Task details
Verbatim copy, images removed: write out the entries below.

Records shown

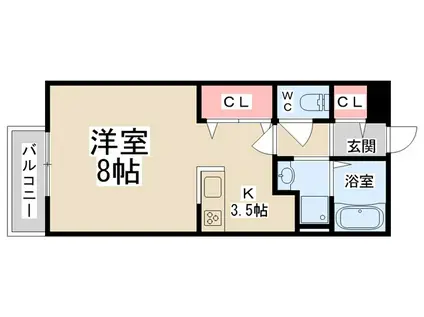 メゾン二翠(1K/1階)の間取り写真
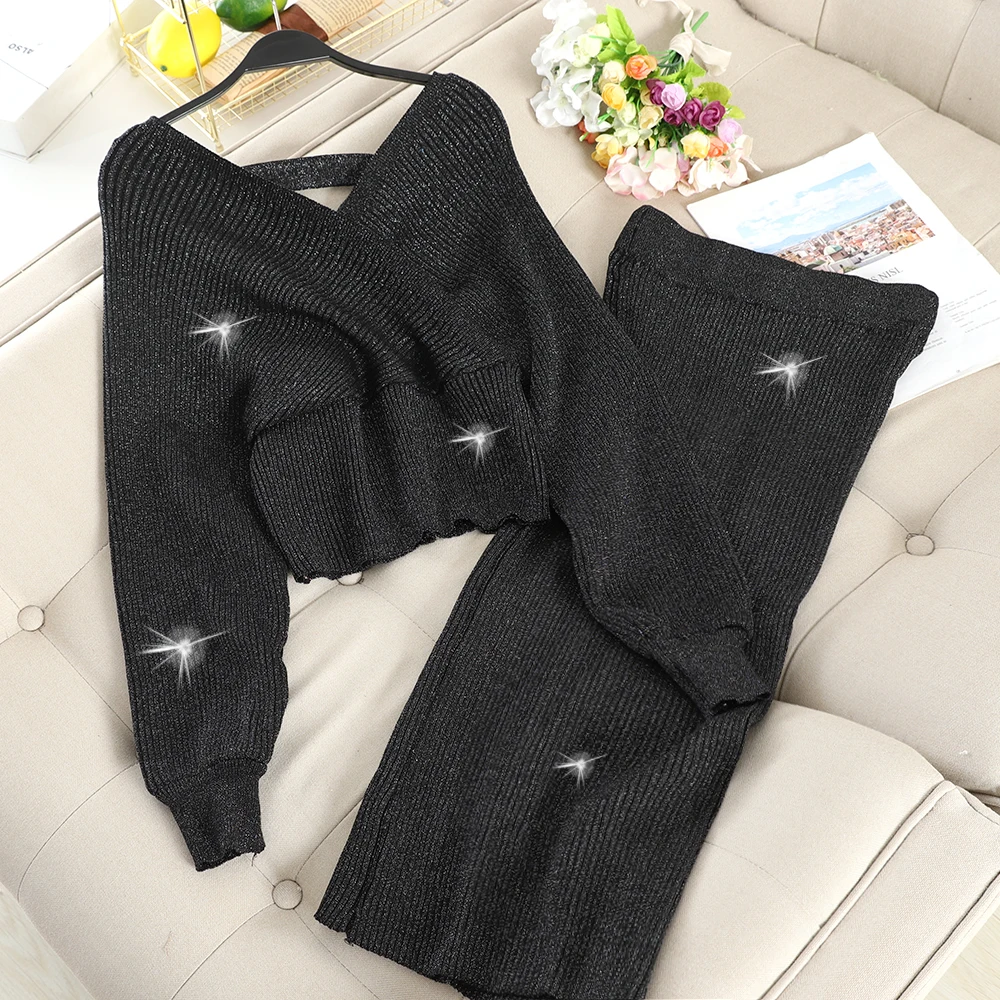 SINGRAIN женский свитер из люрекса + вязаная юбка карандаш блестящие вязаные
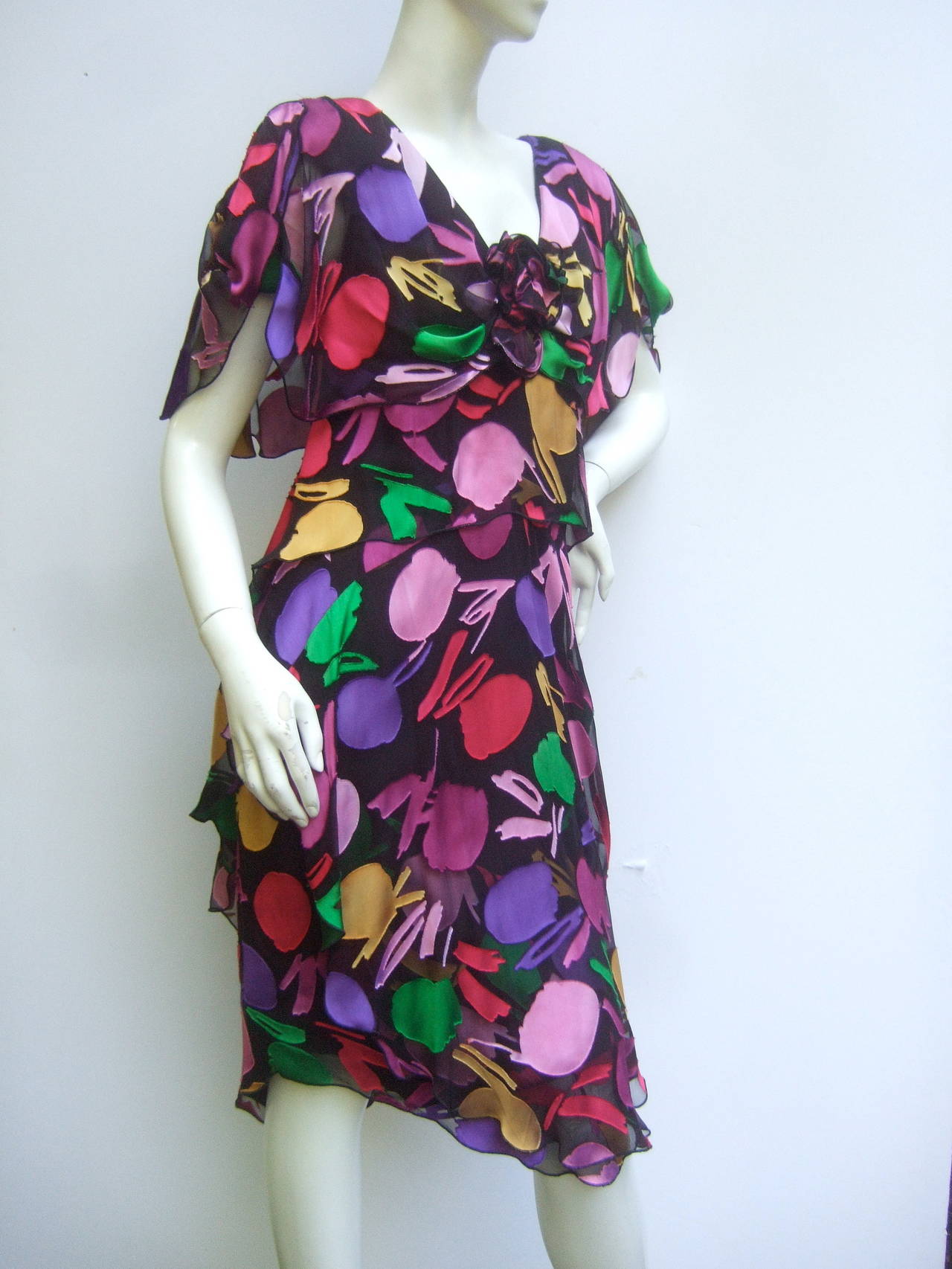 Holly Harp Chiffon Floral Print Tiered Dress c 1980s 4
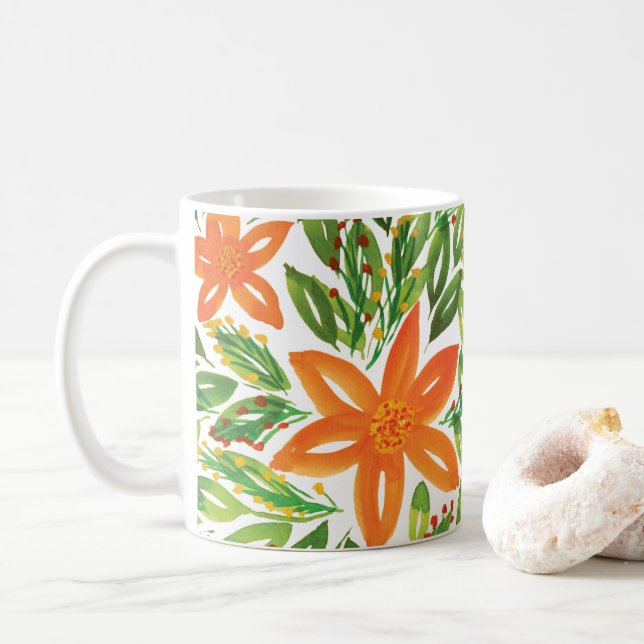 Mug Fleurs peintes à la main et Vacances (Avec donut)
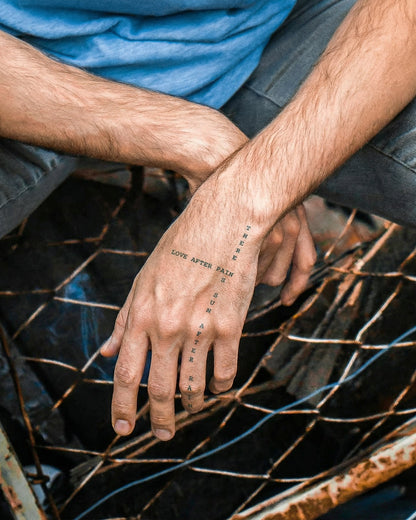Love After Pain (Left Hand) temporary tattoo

The completed task
 メゾン二翠(1K/1階)の間取り写真
 SINGRAIN женский свитер из люрекса + вязаная юбка карандаш блестящие вязаные
 Holly Harp Chiffon Floral Print Tiered Dress c 1980s 4
 Mug Fleurs peintes à la main et Vacances (Avec donut)
Love After Pain (Left Hand) temporary tattoo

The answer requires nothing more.